• _Listed records_:
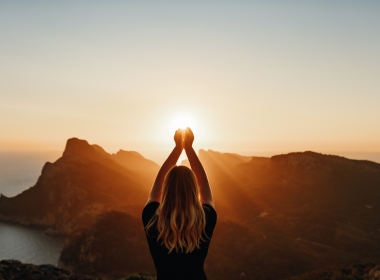 Woman meditating in spirutal environment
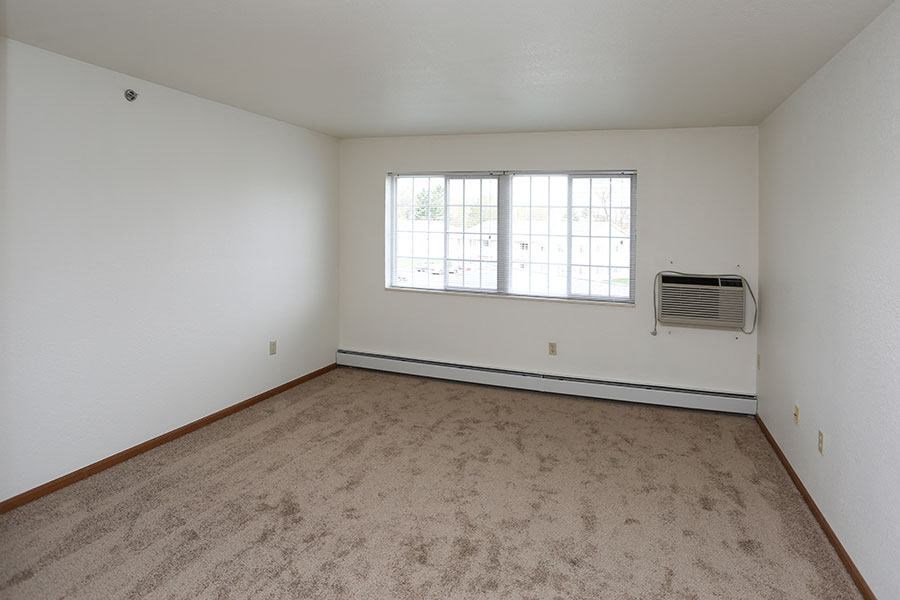 an empty living room with a window and carpet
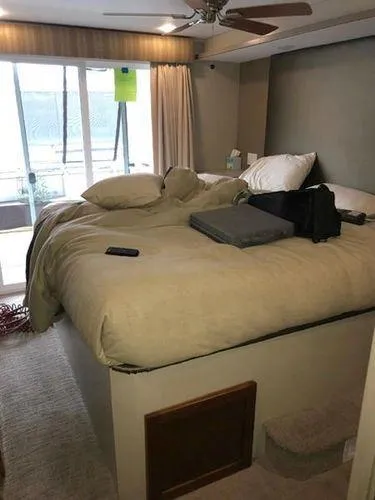 Slide: The Image of Cozy bedroom in 2015 Bravada Why Knot Week 10 houseboat with large bed and balcony view. - 17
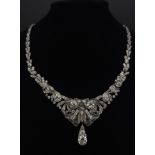 A Majestic Art Deco 7ctw Diamond (approx) Platinum Lavaliere Necklace. Scrolled and foliate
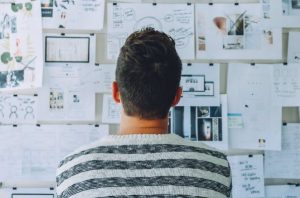 A man looking at creative and charts on a board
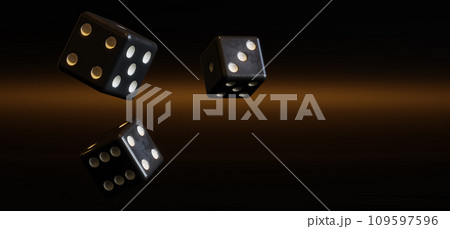 A bunch of thrown dices in warm light against dark background 109597596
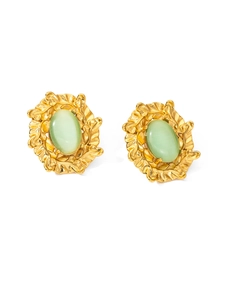Detail of vintage gold-plated titanium earrings featuring oval green cat-eye stones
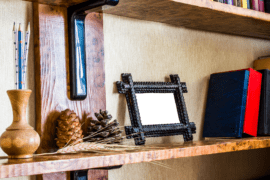 A bookshelf with a small picture frame on it next to a row of books.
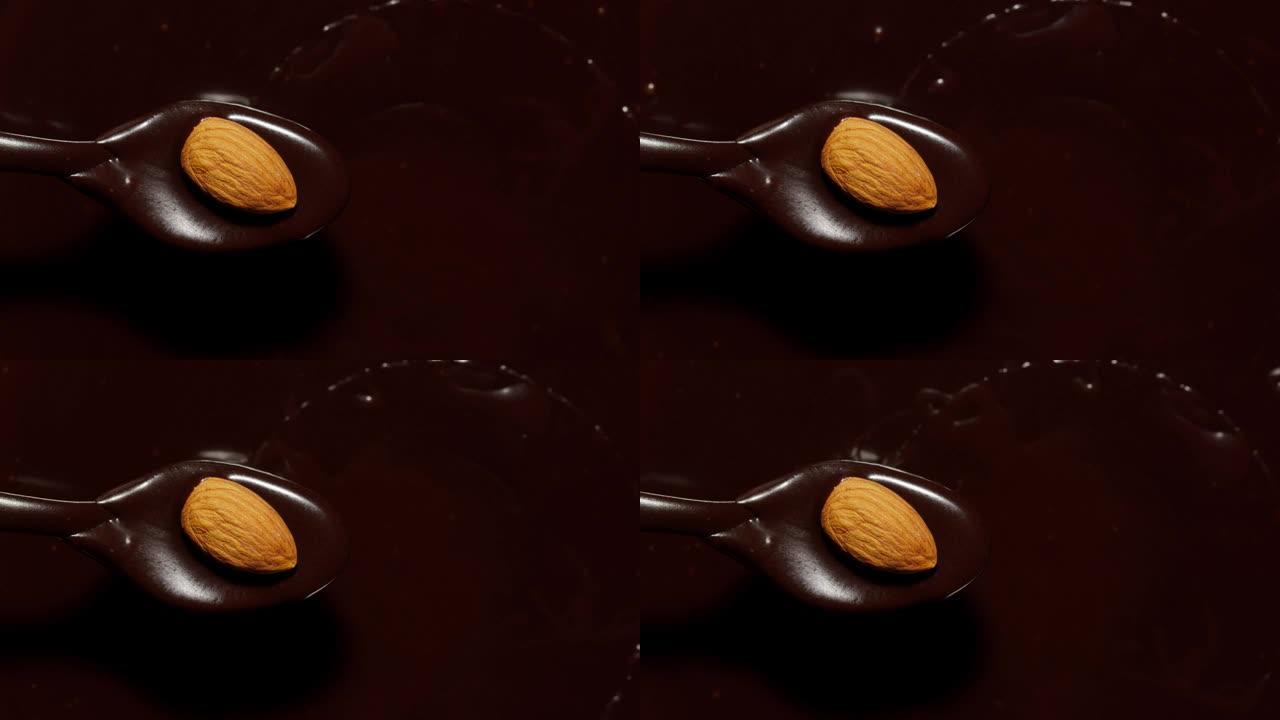融化的液体优质黑巧克力和杏仁旋转，用坚果制作甜甜点的过程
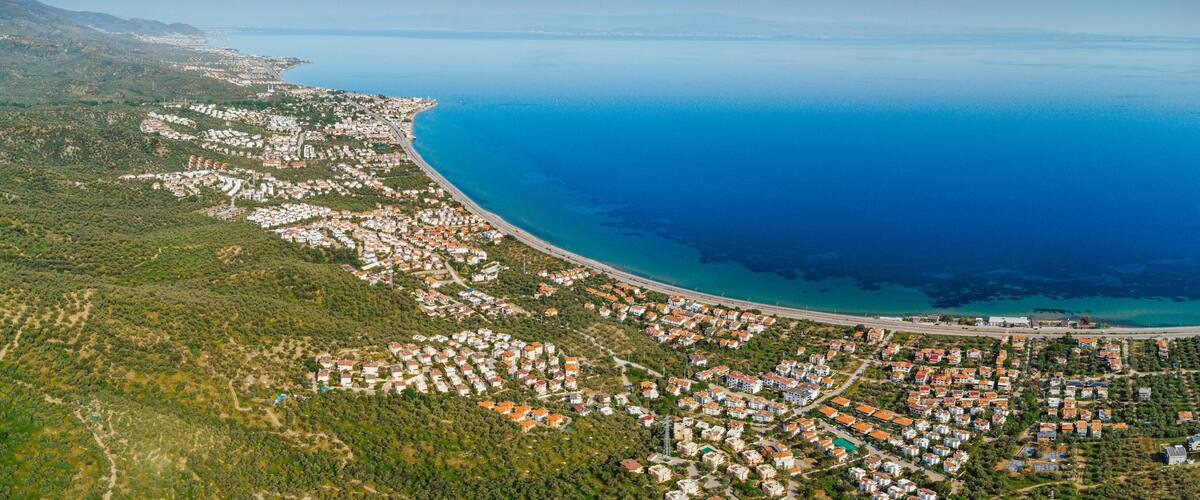 An aerial view of a coastal town with a beach, dense residential area, and surrounding greenery.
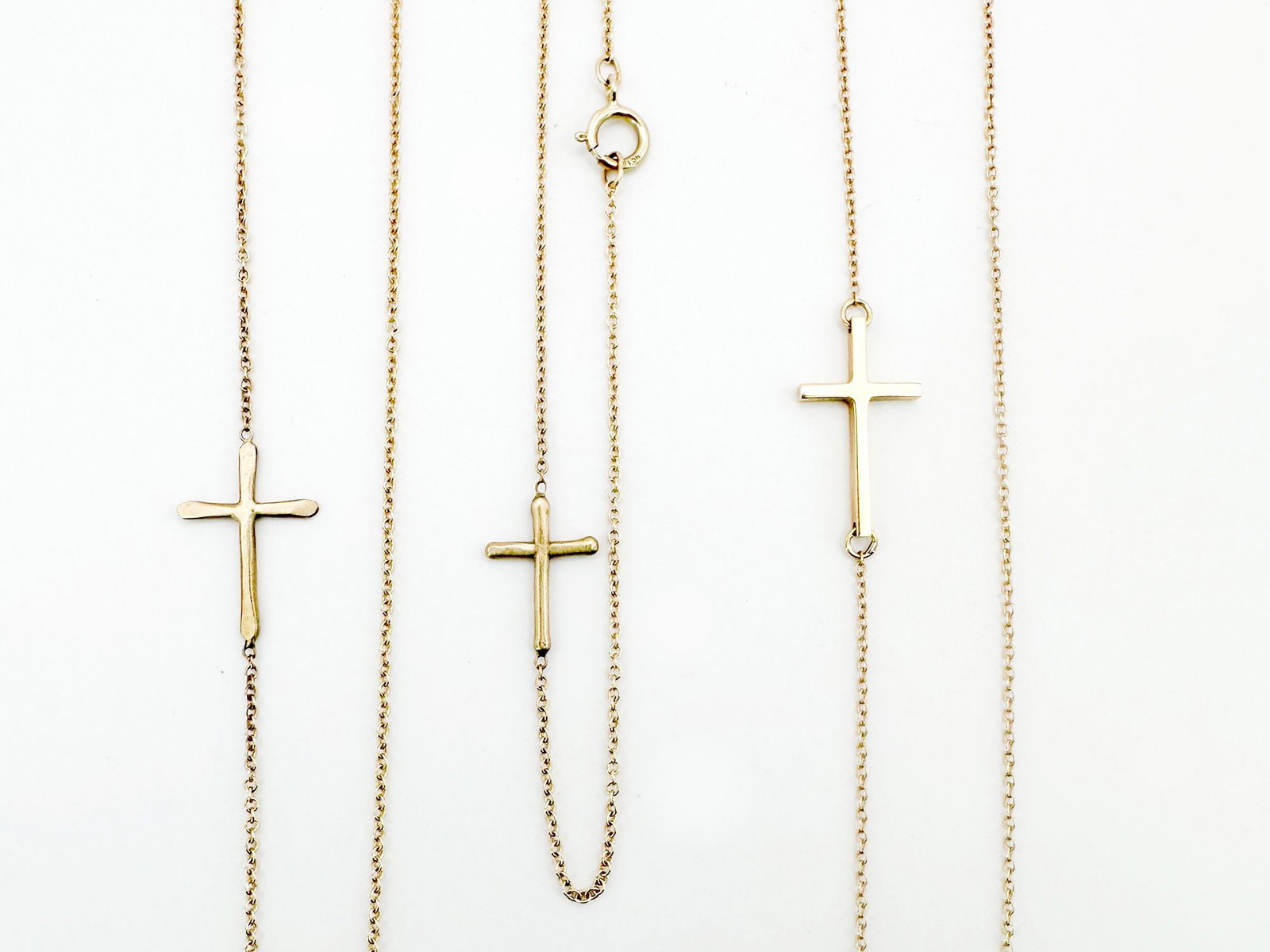 Lot of 3 10k and 14K Crosses on Link Chains, Necklaces and Bracelet: This lot features three delicate gold pieces: a 10k gold necklace and bracelet set (17" and 7" respectively) with matching crosses, and a 14k gold necklace (16") with a cross pendant. T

• _Problem details_: Retype exactly, please, the span from the line holding "Detail of vintage" through the closing line of the data, both ends included, without the pictures.

• _Solution to this problem_:
Detail of vintage gold-plated titanium earrings featuring oval green cat-eye stones
 A bookshelf with a small picture frame on it next to a row of books.
融化的液体优质黑巧克力和杏仁旋转，用坚果制作甜甜点的过程
 An aerial view of a coastal town with a beach, dense residential area, and surrounding greenery.
 Lot of 3 10k and 14K Crosses on Link Chains, Necklaces and Bracelet: This lot features three delicate gold pieces: a 10k gold necklace and bracelet set (17" and 7" respectively) with matching crosses, and a 14k gold necklace (16") with a cross pendant. T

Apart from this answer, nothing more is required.